When Seasons Transition

Amidst the books on my desk this week is my 2020 calendar. It’s the time of year that I begin transferring events and appointments. Seasons are an integral part of our lives and in comfort, we experience life in familiar places and familiar ways, with predictable people. The desire to be a good steward of time prompts me to pause, as I consider my days and weeks. Have these times displayed a life that is God honoring? Are there adjustments that need to be made for the upcoming year? We are challenged when seasons transition, yet with unmet expectations I embrace today. All things in all seasons come to us, not by chance but by God’s heavenly hand.

The red leaves on the maple out my back window are a reminder of God showing us new and different things about himself and his character when we slow down, take in the view, and rest in truth. God’s handiwork in seasons past provides hope and confidence for seasons yet to come. And as I study God’s providence this week, I am reminded once again of his ever-present power, sustaining and governing all things.

If God controls all things, how can our actions have real meaning? Even in recognizing God’s providence, we are responsible to do our part. Mistakes and shortcomings become opportunities to turn a corner as we move forward. As means for long-term growth, our past is used in shaping our present and developing our future. There are events fully caused by God and fully caused by the creature as well: The doctrine of concurrence affirms that God directs and works through the properties of each created thing.

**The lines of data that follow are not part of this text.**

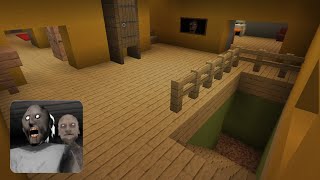 Let's Make Granny Chapter Two House In Minecraft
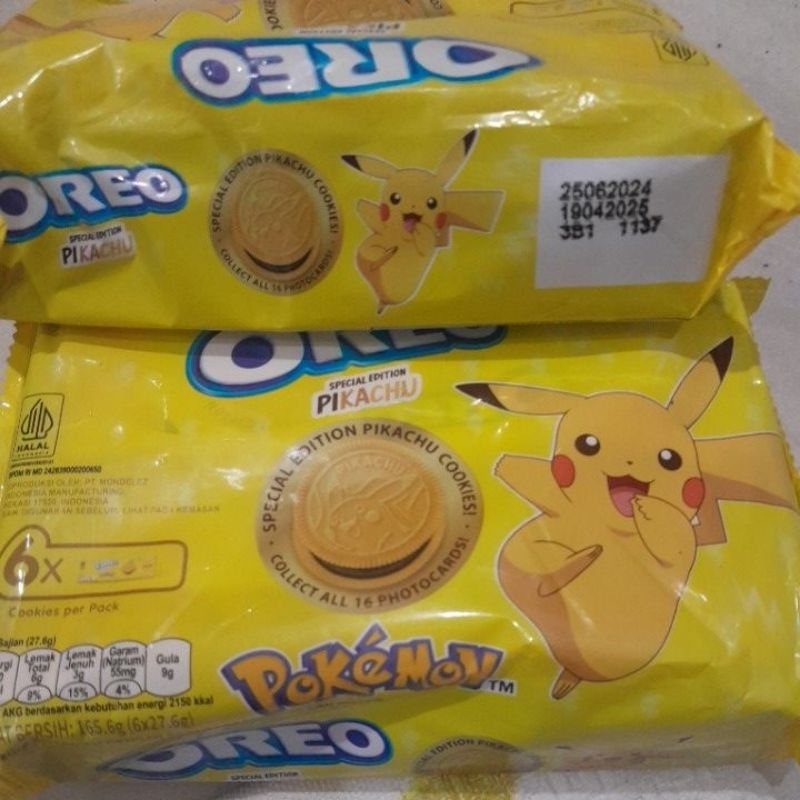 

OREO ISI 6 PAK SPESIAL EDITION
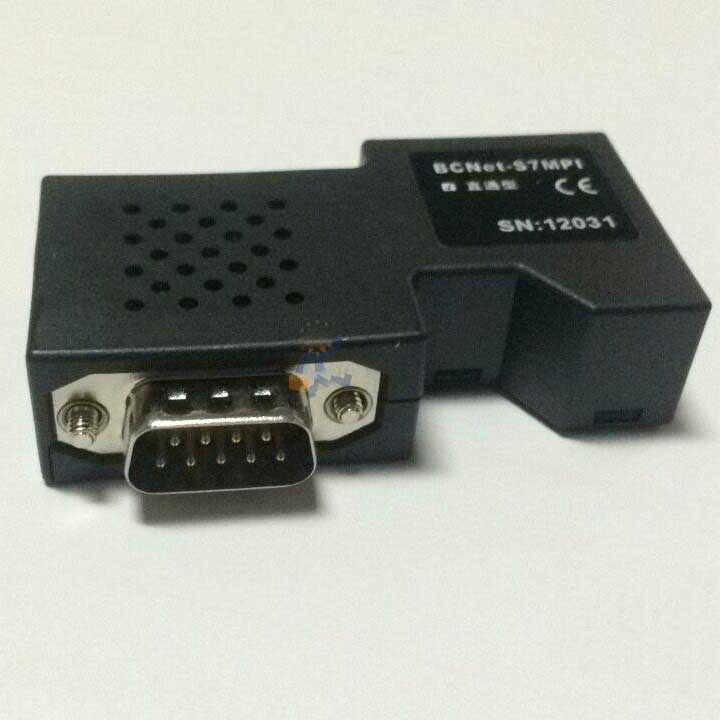 Profibus to Profinet Ethernet Gateway MPI Pluggable Module BCNetS7 for S7-200/300/400 PLC replace MPI PPI CP343 CP243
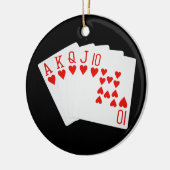 Royal Flush Ornament (Links)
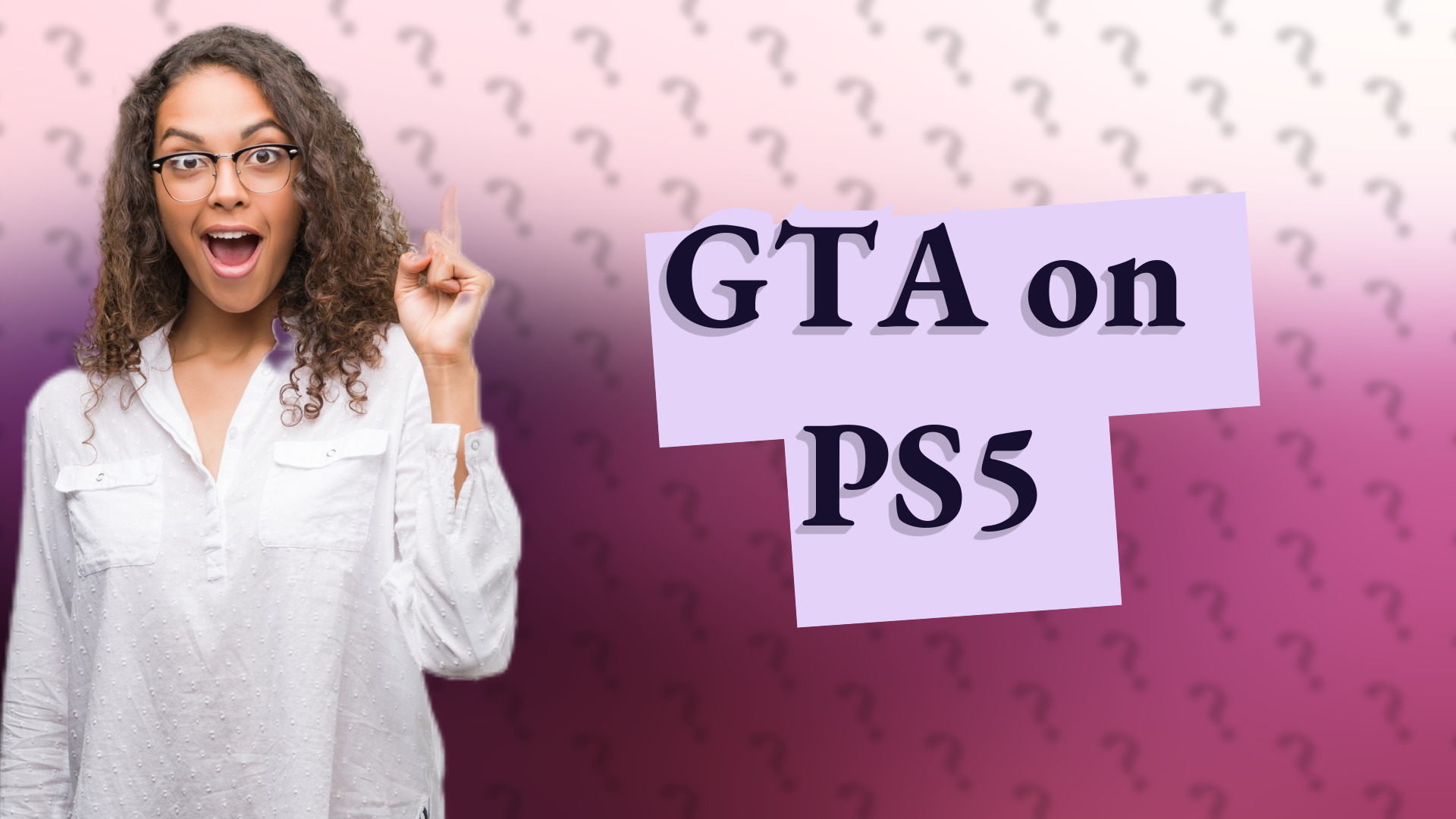 GTA on PS5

Wayne Grudem’s Systematic TheologyAn Introduction to Biblical Doctrine has words worth repeating: “We may sometimes forget that God works through human actions in his providential management of the world. If we do, then we begin to think that our actions and our choices do not make much difference or do not have much effect on the course of events.” To guard against any misunderstanding of God’s providence Grudem makes the following points of emphasis.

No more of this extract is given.